You aal is making it ride like crap, not the block.

Skin-K5
11-01-2010, 05:04 AM
Maybe he has those air blocks and they are pumped up to tight....

Ahays000
11-01-2010, 05:09 AM
I have a 6" block in mine and other than axle wrap it rides pretty nice... I had a k10 with add a leafs on all corners and damn was it harsh!

jackedjimmy72
11-01-2010, 02:50 PM
Guess I'll have to eliminate both since removing the aal will make the ass sag. What you guys don't have the air ride blocks? Jeez get with it haha.

Skin-K5
11-02-2010, 04:10 AM
Damn Coasties anyway....

jackedjimmy72
11-02-2010, 07:28 PM
Hah no doubt. Always joked well we're here instead a college so that says something...Old joke about the Army. When you look down at your blouse and read US ARMY upside down.

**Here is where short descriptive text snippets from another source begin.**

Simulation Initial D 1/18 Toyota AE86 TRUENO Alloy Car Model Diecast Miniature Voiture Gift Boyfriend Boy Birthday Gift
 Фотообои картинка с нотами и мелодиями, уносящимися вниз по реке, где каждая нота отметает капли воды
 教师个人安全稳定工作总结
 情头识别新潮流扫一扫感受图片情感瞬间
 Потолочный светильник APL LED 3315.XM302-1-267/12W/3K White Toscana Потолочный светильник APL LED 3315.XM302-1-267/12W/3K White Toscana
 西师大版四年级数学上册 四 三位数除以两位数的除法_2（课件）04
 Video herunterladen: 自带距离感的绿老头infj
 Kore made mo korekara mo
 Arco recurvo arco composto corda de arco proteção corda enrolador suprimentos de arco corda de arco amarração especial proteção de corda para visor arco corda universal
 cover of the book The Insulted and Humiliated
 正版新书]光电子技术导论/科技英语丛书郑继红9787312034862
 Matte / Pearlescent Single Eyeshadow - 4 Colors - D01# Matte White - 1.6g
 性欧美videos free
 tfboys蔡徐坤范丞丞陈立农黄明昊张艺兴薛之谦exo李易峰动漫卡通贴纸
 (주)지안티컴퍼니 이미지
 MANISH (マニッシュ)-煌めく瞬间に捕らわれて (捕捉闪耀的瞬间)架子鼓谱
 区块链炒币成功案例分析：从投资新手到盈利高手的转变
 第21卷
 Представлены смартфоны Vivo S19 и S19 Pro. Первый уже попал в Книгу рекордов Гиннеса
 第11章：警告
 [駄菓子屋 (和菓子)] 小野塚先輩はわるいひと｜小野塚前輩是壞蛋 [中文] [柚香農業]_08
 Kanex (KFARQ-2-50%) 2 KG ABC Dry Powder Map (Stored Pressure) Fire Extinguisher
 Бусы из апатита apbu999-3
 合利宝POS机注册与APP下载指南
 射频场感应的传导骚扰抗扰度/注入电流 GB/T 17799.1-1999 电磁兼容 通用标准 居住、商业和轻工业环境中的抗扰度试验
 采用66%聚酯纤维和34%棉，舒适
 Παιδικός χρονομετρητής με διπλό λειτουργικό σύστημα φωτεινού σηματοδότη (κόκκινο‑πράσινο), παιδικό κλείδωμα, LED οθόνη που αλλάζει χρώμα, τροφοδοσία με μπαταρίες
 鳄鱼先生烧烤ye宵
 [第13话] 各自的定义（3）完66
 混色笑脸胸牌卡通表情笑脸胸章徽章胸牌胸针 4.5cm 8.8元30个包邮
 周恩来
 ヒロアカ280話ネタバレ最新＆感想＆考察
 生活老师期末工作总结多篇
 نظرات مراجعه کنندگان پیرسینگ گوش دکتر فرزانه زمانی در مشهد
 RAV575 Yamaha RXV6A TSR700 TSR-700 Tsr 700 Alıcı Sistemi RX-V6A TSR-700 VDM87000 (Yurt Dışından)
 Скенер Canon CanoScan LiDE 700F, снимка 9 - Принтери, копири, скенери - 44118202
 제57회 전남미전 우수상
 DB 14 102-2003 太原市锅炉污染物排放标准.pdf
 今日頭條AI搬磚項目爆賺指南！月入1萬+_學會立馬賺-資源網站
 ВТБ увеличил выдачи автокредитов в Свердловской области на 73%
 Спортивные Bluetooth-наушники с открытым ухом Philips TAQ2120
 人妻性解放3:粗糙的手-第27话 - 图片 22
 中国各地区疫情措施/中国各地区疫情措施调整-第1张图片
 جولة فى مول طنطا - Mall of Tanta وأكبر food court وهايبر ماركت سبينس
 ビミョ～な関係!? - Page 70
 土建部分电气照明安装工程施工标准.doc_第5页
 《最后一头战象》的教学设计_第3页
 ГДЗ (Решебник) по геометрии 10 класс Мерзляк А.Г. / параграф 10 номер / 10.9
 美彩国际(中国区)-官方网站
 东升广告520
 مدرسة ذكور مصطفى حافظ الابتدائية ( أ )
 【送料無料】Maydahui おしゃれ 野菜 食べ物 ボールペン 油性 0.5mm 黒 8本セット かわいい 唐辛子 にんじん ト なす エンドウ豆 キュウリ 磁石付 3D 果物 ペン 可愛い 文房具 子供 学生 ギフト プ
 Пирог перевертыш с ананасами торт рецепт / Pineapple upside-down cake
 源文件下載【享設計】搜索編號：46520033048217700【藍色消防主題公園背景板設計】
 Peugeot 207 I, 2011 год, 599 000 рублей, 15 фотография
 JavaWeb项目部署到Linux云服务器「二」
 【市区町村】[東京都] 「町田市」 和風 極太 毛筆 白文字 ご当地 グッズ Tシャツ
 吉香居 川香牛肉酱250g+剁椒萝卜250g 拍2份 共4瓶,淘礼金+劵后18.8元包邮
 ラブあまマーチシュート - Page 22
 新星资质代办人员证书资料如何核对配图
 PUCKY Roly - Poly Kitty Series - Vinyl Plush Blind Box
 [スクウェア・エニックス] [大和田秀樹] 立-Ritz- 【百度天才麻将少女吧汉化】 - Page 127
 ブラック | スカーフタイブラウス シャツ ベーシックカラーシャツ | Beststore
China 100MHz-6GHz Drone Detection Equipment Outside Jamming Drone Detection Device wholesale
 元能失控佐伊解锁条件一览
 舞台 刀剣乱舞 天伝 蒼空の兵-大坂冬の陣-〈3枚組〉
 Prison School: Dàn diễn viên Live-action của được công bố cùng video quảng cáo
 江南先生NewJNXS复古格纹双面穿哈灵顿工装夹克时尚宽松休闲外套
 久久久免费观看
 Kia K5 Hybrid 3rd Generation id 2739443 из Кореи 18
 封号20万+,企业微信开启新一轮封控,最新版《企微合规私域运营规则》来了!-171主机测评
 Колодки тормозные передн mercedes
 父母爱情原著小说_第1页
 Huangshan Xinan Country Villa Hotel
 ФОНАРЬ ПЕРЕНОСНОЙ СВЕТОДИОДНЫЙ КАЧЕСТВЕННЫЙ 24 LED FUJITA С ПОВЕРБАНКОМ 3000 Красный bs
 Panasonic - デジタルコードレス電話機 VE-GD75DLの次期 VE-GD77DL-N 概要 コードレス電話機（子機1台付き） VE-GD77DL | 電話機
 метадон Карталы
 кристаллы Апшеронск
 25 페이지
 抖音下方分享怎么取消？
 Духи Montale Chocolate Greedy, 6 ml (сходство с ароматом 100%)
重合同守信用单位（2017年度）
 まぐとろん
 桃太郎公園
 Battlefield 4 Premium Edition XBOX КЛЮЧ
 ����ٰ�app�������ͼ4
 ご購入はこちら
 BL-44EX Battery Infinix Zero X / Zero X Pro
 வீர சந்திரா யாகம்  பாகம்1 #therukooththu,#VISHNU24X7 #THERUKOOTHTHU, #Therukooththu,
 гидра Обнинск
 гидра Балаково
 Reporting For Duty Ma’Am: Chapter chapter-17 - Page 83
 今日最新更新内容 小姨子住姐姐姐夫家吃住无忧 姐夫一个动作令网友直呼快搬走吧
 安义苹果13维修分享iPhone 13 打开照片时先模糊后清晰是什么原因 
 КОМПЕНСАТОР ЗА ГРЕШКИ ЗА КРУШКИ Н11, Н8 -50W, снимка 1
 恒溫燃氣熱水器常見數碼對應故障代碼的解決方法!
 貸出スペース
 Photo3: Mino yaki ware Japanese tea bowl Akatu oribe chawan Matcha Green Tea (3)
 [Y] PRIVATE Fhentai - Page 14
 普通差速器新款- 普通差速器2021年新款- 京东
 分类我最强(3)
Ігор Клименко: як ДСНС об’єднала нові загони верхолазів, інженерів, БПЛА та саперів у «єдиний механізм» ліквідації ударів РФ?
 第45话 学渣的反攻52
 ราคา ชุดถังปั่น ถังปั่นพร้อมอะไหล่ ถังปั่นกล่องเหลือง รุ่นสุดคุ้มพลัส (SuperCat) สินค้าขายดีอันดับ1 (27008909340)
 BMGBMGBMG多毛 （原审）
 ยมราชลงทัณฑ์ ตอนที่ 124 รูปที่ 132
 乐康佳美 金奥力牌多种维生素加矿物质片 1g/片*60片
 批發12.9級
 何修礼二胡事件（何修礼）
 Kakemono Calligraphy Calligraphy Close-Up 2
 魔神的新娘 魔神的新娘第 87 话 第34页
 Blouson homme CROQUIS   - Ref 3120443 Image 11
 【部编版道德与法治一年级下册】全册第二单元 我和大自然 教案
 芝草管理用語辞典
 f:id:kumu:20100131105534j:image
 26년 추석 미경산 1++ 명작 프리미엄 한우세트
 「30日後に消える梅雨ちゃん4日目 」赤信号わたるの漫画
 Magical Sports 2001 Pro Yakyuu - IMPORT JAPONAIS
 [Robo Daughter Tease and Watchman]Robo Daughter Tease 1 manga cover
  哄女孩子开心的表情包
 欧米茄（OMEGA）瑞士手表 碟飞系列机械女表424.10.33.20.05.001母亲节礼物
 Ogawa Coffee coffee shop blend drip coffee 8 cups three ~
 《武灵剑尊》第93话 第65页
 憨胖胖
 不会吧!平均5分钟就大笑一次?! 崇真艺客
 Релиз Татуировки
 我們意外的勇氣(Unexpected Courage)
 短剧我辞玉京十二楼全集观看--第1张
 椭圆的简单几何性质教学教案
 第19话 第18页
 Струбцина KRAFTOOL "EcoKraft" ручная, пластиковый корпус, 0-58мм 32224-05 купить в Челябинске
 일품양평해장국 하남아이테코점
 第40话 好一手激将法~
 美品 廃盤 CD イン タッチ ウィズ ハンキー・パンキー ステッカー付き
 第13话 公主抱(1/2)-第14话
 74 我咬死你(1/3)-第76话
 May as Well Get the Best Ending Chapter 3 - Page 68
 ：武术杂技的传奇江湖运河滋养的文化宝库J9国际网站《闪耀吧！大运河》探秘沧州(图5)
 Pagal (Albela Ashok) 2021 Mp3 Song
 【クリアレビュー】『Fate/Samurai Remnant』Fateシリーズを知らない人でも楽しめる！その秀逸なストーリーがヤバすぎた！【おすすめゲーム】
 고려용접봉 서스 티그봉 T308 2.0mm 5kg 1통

Yes My Retarded Ass Signed Up, dude that left the Army for Coast Guard told me that one.

monsterbowtiev8
11-11-2010, 07:31 AM
i would stick with half tons if you dont want to take all the work to swich to 3/4ton...i would just change 10 bolt rear out to a 12 bolt heavier duty axles but still half ton....the 3/4 ton is only different in the rear...14 bolt is WAY!!! heavier duty than half ton....BUT on other hand front 3/4 ton is just a half ton with bigger spindals and the dana44 has just a little bigger axles...im running 12 bolt and d44 and no probs with 38s...4 speed no prob with t350 you would have no prob with half tons breaking them unless running like 400hp and doul cases

STIgary
11-12-2010, 02:26 AM
Thanks. I was really hoping to find out it had a 14bolt and a d44 with 4.10s but it looks it's got the same as the blazer.... Bummer

jackedjimmy72
11-12-2010, 05:05 PM
Well if you ever need to re gear the truck it's cheaper to find a set a axles with the gears you want than to pay someone to swap out your gears. Takes a day to swap em with 2 people. Run yours till you break em!

STIgary
11-12-2010, 06:03 PM
I would bug I'm likely to break something else running 37s with 2.73s in there.

jackedjimmy72
11-13-2010, 06:32 AM
2.73's? Man you must get good mileage. You go lower and it'll feel like a new truck.